■ REQUIREMENT: Required from the data below: the exact lines starting at the line containing "La coccinella della" and ending at the line containing "超大容量的用户评价：xxxxxl19d18产品真相揭秘", with both ends kept and all pictures dropped.

■ RECORD EXTRACTS:
·····

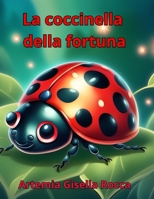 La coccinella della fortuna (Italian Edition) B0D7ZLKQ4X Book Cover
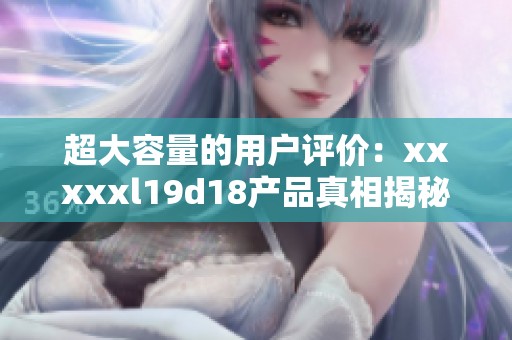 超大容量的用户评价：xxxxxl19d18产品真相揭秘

·····

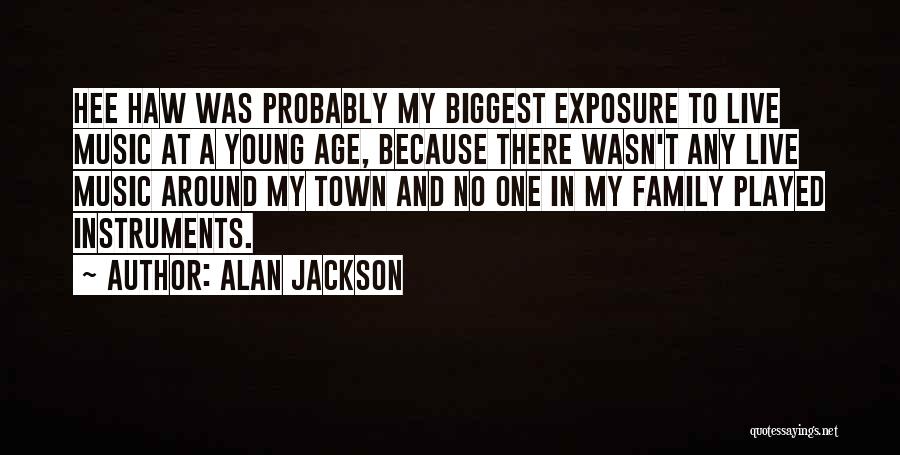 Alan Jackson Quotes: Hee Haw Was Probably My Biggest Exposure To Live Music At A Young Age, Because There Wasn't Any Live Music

·····

■ WRITTEN REPLY:
 La coccinella della fortuna (Italian Edition) B0D7ZLKQ4X Book Cover
 超大容量的用户评价：xxxxxl19d18产品真相揭秘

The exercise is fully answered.